Fitch’s face was red from the heat. “It’s eleventy-nine degrees out there.”

         “I meant year round.
California, maybe.”

         “Thinking about moving out there yourself?”

         “No, I’m not. California weather doesn’t change enough for me. They have a wet season and a dry season, just like where I came from.” Sam drummed his fingers on his chin and stared at Fitchie. “California would be a good place to start over, though.”

        
“For Chea’s old lady?”

        
“Maybe for both of them.”

         Fitchie stared at Sam. “You suggesting Bin
Chea’s
alive?”

         Wilkins stepped out of his office and headed out the door that led to the parking lot.

         “When was the last time you saw Wilkins file anything?” Sam asked.

         “I never have, but he said he’d do it this time. Where the hell did he stuff those records?”

         “Maybe it doesn’t matter. Can we get the FBI to re-send them to you?”

         “I don’t know. We may have to resubmit the request. Want to take bets on whether you can find a copy in the pit?”

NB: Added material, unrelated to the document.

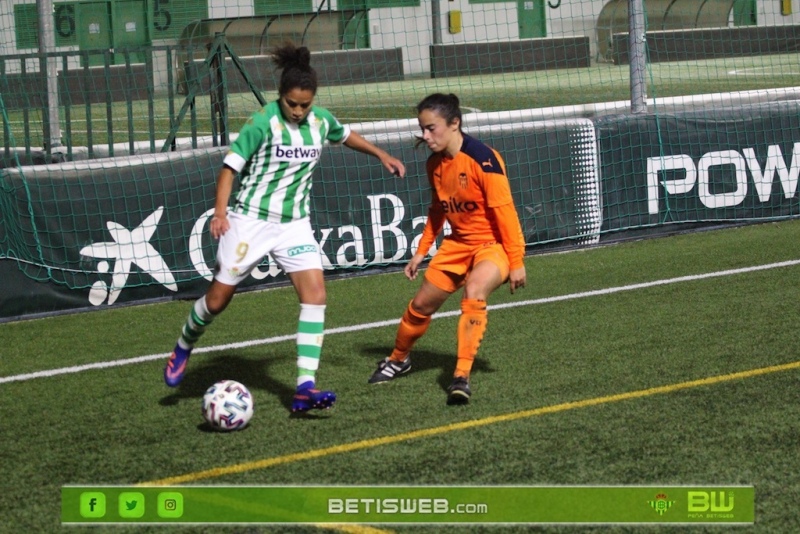 J7-–-Real-Betis-Fem-vs-Valencia-Fem-84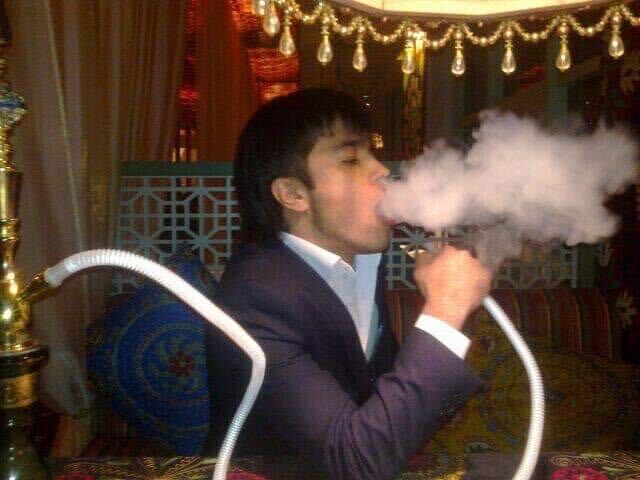 ���������� ���������, ���� ������� Opium, 35 ���, ������������ ��� ������, ����� � ���������, c�������� ���������, ���������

         Sam shook his head.

         “We could try the direct approach,” Fitch said. “I’ll just ask him.” Fitch left to catch up with Wilkins and was back in a minute. “Told me the files are there in the pit and we should find ’em and stick ’em up our ass.”

         The pit had twenty-eight file cabinets that were olive green, like swamp scum. They were aligned in three banks, with two narrow rows in between; in the middle were two rows back to back. File folders poked out of drawers that wouldn’t close. A’s were mixed with C’s, C’s with M’s, M’s with W’s--if anything was in its right place, that was just by lucky chance. The pit was where records went to die.

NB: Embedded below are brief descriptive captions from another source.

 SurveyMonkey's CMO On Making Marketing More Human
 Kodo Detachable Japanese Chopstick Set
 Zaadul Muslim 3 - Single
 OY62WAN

         “No sense being logical about this,” Fitchie said. “Let’s forget the alphabet. You take that aisle and I’ll take this one. Never mind what a folder says, we’ll look inside every one.”

         Fingerprint records and arrest records were arranged every way but logically. Filing according to best fit seemed like the approach to Sam; shove a folder into the first file drawer not already jam-packed. No one took responsibility for this mess. The two worked silently for hours, working their way through drawers. They worked methodically, lifting out hanging folders and checking for files that might have slid underneath the rest, checking every one. There was no time to arrange files in order as he went along, or he would never get home to sleep. Sam’s share of the search was fourteen cabinets, which included forty-two file drawers and who the hell knew how many folders inside?

         “And let’s not forget--” Sam sneezed “--the stacks on top.”

         Sam explored drawer after drawer, lifting out every folder, inspecting every slip of paper inside and unleashing dust motes that made his eyes water. The clock on the wall said ten forty-five. Maybe the FBI could send the results again. The file ought to have been there, so where was it? Maybe that idiot Wilkins really did throw it away.

         They’d found nothing in the drawers. Sam reached for a stack of folders on top, maybe another fifteen minutes’ work. Papers slid out of the folders, and he carefully replaced them. There was only one stack left, and then they’d be through for the night. How would the people of Lowell feel, knowing that the public safety might depend on actually
finding
something in this place? What good was an army of officers writing reports if everything went under M for Miscellaneous?

         The last stack slid out of Sam’s hands and up against the wall, the top folder sliding down the dark crevasse where it might never be seen again. His hand darted out and caught the corner of the file with his fingertips, thank God for quick hands. But loose papers slid out of the folder and disappeared behind the cabinet.

         “Fitchie, would you give me a hand over here?” Sam said. “I need to move these cabinets.”

         “I’ve got to leave you,” Fitchie said. “Sit with Ellie, then
take
the baby sitter home. I’ll help you finish tomorrow.”

         Sam began setting folders on the floor.

         With any luck, he wouldn’t have to pull out--and put back--the cabinets on the other wall, too. If he did, he’d be here till midnight.